V.V. looks at him mildly."Has it really?" V.V. asks. "Tell me, if it weren't for the Social Links, would you have bothered to talk to bouncing Milly? The droll Rivalz? What about the timid and fearful Nina, hmm?" V.V. laughs when Lelouch doesn't reply immediately. "I thought not."

"What about the Dark Hour?" Lelouch asks. He thinks of Nunnally, of – of the boy on the sofa. He will have the power to protect them, at least.

"That's someone else's responsibility now," V.V. says. Lelouch thinks he can see a face in his mind's eye, pale and hidden by headphones and blue hair. He blinks, and the image is gone. "Your fate lies elsewhere. The Dark Hour will be closed to you, and it to you."

"And my abilities?" Lelouch demands incredulously. "They just what – vanish?"

V.V. rolls his eyes. "You'll be granted another power, " V.V. says. He regards Lelouch for a second, as though there were something else he'd like to say. Instead he says, "Get out," and jerks his head at the van interior.

Lelouch finds himself hesitating as well. He settles for an awkward nod. As he steps out, V.V. says behind him, "You might be seeing another version of me. Or maybe not. Say hello to my sister for me."
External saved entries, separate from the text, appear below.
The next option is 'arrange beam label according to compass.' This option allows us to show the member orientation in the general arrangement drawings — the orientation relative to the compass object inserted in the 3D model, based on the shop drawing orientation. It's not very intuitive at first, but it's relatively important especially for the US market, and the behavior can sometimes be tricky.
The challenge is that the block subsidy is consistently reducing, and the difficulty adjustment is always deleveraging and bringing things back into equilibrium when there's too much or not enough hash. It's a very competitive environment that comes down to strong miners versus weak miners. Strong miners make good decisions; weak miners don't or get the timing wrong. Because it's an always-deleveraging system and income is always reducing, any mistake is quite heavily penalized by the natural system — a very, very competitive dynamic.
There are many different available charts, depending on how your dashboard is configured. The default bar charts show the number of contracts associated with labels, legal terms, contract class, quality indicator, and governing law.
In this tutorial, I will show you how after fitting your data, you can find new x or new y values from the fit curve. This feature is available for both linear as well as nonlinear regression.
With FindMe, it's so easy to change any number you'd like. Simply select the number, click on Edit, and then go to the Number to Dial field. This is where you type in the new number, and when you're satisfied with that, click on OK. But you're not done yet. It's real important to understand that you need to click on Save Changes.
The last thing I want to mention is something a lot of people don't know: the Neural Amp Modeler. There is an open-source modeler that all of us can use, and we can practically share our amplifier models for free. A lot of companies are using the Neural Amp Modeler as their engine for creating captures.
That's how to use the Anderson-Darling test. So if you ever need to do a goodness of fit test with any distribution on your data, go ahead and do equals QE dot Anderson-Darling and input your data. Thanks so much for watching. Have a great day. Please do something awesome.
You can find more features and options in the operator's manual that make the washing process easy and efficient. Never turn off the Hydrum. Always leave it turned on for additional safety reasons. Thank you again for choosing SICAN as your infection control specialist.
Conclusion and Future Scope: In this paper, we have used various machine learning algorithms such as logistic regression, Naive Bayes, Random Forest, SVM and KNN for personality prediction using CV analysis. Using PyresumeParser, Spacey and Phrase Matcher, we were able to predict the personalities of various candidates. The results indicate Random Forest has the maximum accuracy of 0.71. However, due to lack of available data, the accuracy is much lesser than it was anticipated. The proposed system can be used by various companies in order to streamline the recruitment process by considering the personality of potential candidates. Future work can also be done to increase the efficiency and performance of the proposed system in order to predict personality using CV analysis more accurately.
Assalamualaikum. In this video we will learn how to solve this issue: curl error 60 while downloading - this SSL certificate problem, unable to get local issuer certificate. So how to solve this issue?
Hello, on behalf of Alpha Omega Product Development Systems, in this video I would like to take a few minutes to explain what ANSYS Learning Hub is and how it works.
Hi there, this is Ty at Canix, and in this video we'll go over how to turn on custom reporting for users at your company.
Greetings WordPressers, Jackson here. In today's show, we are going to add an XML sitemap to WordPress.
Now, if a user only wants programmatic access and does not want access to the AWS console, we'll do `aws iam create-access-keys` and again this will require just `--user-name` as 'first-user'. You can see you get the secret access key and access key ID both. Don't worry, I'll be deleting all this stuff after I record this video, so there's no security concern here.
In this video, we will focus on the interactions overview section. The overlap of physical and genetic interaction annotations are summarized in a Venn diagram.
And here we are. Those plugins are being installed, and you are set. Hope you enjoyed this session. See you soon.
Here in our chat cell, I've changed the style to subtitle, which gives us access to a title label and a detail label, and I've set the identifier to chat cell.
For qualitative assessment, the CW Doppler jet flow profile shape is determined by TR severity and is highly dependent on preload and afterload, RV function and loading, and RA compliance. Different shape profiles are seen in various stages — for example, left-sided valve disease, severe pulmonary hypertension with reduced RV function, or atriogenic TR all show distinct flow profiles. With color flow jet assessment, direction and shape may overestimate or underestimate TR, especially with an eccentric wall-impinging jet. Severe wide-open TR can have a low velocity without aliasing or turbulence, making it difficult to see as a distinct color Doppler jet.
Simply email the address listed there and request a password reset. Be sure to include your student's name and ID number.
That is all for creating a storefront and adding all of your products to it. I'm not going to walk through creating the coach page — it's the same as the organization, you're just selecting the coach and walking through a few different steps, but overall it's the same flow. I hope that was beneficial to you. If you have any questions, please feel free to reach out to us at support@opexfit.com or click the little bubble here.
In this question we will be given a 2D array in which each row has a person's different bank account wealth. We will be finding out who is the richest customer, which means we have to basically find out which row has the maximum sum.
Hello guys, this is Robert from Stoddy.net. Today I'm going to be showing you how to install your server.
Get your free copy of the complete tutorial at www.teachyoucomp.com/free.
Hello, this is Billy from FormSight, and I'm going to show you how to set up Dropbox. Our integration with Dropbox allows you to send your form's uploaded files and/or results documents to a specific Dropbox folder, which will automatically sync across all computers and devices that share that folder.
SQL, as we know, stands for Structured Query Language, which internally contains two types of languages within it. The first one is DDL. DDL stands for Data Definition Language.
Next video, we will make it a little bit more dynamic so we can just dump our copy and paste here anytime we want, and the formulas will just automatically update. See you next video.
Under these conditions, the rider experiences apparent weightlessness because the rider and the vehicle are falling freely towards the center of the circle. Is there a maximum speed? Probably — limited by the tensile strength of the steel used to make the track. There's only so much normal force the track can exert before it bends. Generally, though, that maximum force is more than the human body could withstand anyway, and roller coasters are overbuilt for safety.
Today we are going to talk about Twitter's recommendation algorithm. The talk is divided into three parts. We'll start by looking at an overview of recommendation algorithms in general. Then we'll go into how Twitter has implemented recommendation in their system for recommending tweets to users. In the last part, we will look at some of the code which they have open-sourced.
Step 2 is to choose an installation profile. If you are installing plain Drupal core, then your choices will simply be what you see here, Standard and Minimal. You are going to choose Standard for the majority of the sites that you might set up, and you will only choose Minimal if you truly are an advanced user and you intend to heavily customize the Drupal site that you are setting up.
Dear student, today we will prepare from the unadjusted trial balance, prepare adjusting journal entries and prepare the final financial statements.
Lelouch turns to ask what he means, but when he turns around all he sees is the back of a truck. Then he frowns, annoyed at himself for looking wildly at nothing when there are other things to consider. Like how to contact Rivalz, and how to get out of the truck.

But then Lelouch is thrown against a wall, and the truck doors slide open, and there isn't much time to consider anything at all.